Write out, with no changes, every line starting at the one that contains "2019 girls fashion" and ending at the last line of the data below. Leave pictures out.

=== Collected data ===
---
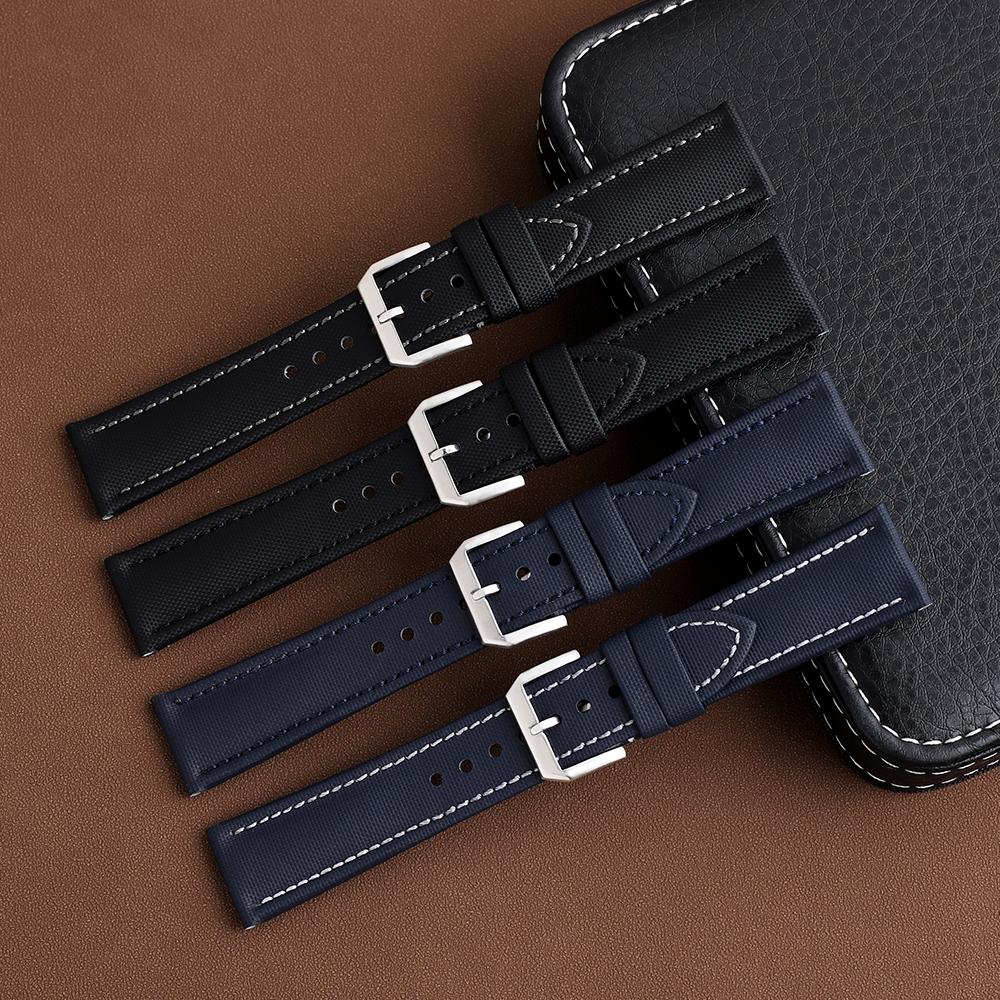 Watchband Cow Nylon Watch Strap for Waterproof Oxford Cloth Black Blue Men Leather Canvas Watch Band Bracelet Belt Metal Buckle 18-24mm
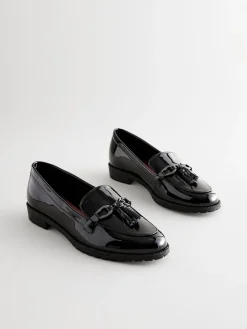 Next Patent Tassel Hardware Detail Loafers Black Sale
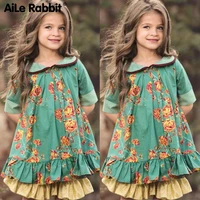 2019 girls fashion floral dress british style ins popular childrens clothing for 3 12 year old girls boutique brand apparel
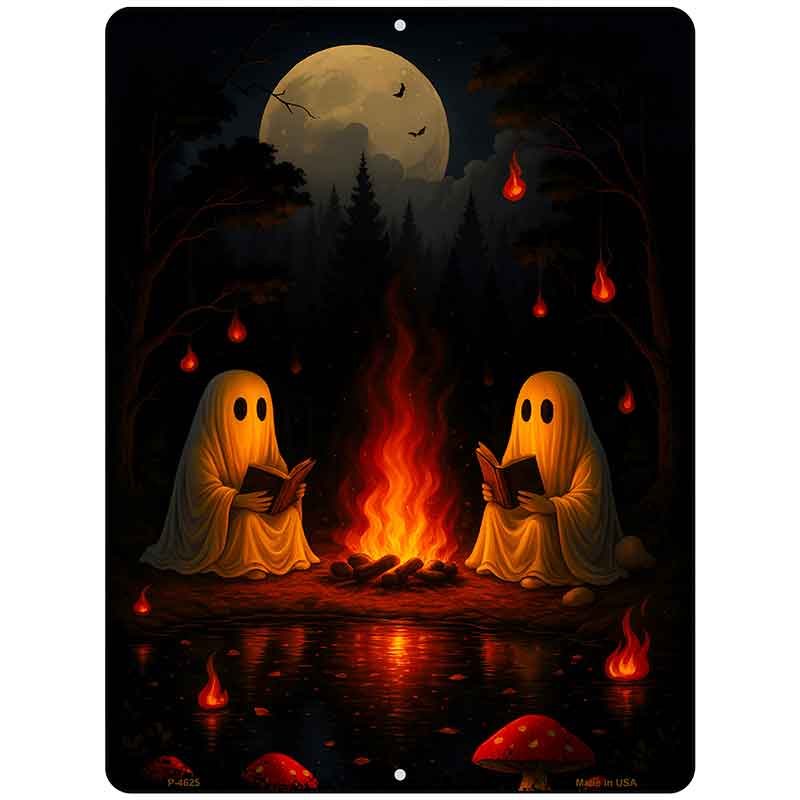 Two Ghosts Around Campfire Metal Novelty Parking Sign P-4625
---
=== Exercise answer ===
 2019 girls fashion floral dress british style ins popular childrens clothing for 3 12 year old girls boutique brand apparel
 Two Ghosts Around Campfire Metal Novelty Parking Sign P-4625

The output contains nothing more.